Indeks nastrojów przedsiębiorców i konsumentów obliczany co miesiąc przez Komisję Europejską wzrósł, po raz czwarty z rzędu, do 95,2 pkt z  92,5 pkt w czerwcu. Ekonomiści byli mniej entuzjastyczni w swoich przewidywaniach i mediana ich prognoz tego indeksu wyniosła 93,8 pkt.  Wykazali większą powściągliwość zapewne dlatego, że strefa euro nadal boryka się ze skutkami kryzysu zadłużeniowego. Potwierdzają to najnowsze dane.

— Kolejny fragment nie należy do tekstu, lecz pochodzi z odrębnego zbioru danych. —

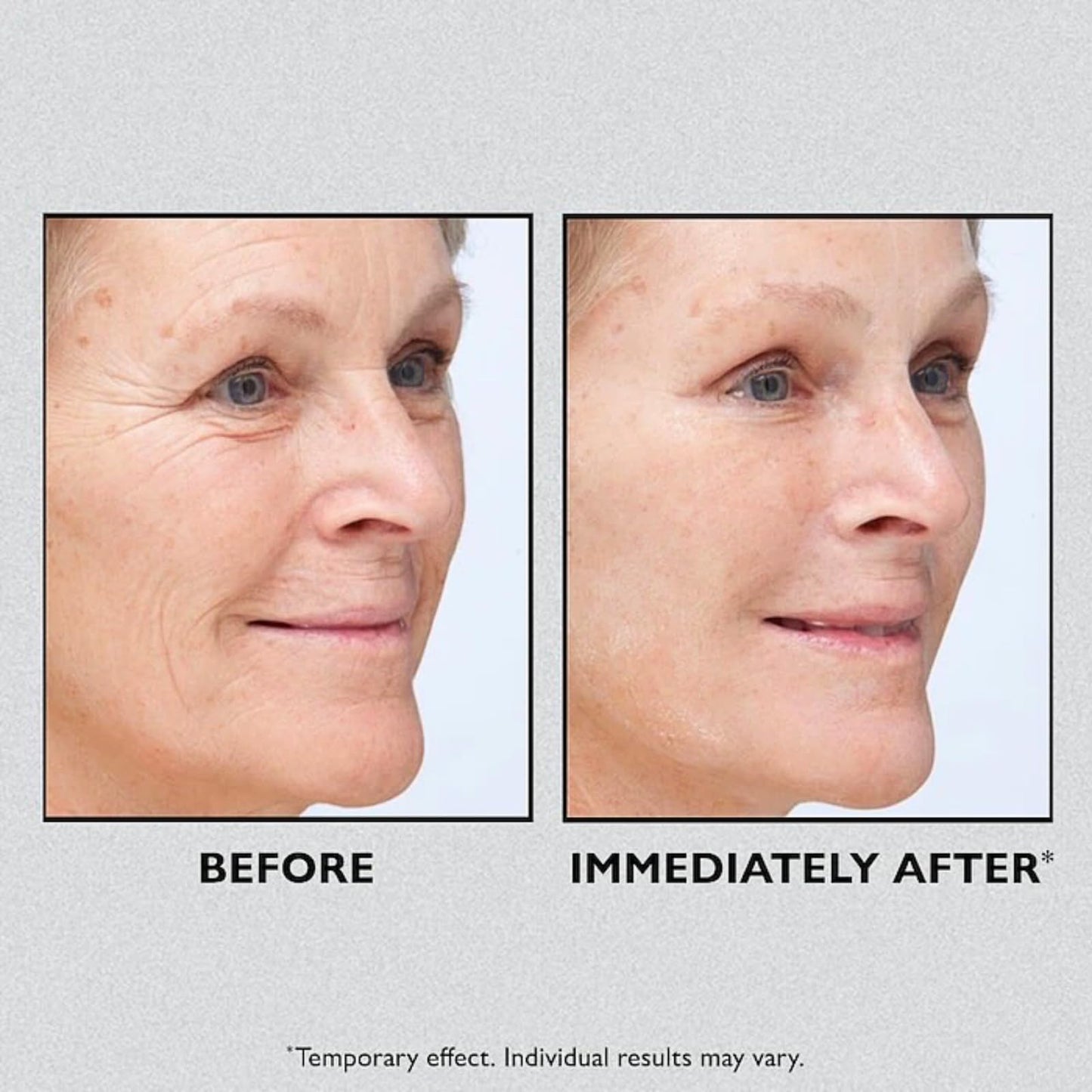 Instant Firmx Temporary Face Tightener, Skin Tightening Cream For Face, Face Tightening Cream, Anti Wrinkle Face Cream For Mature Skin, Firm & Smooth The Look Of Fine Lines, Reduces Sag & Dull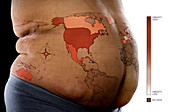 Global Obesity Rates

W lipcu bezrobocie w strefie euro utrzymało się na rekordowo wysokim poziomie. Jego stopa wyniosła podobnie jak w lipcu 12,1 proc. Ale bezrobocie wśród młodych ludzi wzrosło do 24 proc.

– Nasze prognozy dla rozwoju sytuacji na rynku pracy w strefie euro są bardzo słabe. Główną przeszkodą pozostaje duża niepewność polityczna w tym rejonie, ale także wciąż bardzo rozdrobniony  rynek finansowy. Przewidujemy też, że kilka krajów nadal będzie potrzebowało konsolidacji finansów – powiedział Anatoli Annenkov, starszy ekonomista z londyńskiego biura Societe Generale.

Dość niepokojące dane nadchodzą z Republiki Federalnej Niemiec. W lipcu niespodziewanie wzrosło tam bezrobocie i równie nieoczekiwanie, po raz drugi z rzędu, spadła sprzedaż detaliczna. Po uwzględnieniu inflacji i czynników sezonowych, sprzedaż  była mniejsza o 1,4 proc. niż w czerwcu, kiedy spadła o 0,8 proc. – poinformował Federalny Urząd Statystyczny w Wiesbaden. Ekonomiści spodziewali się wzrostu sprzedaży o 0,6 proc. W porównaniu z lipcem ubiegłego roku sprzedaż wzrosła o 2,6 proc.

Christian Schulz z londyńskiego biura Berenberg Banku uważa, że na zmniejszenie wydatków mógł mieć wpływ wzrost cen żywności w lipcu o 5,7 proc. rok do roku. W sierpniu inflacja w strefie euro wyniosła 1,3 proc.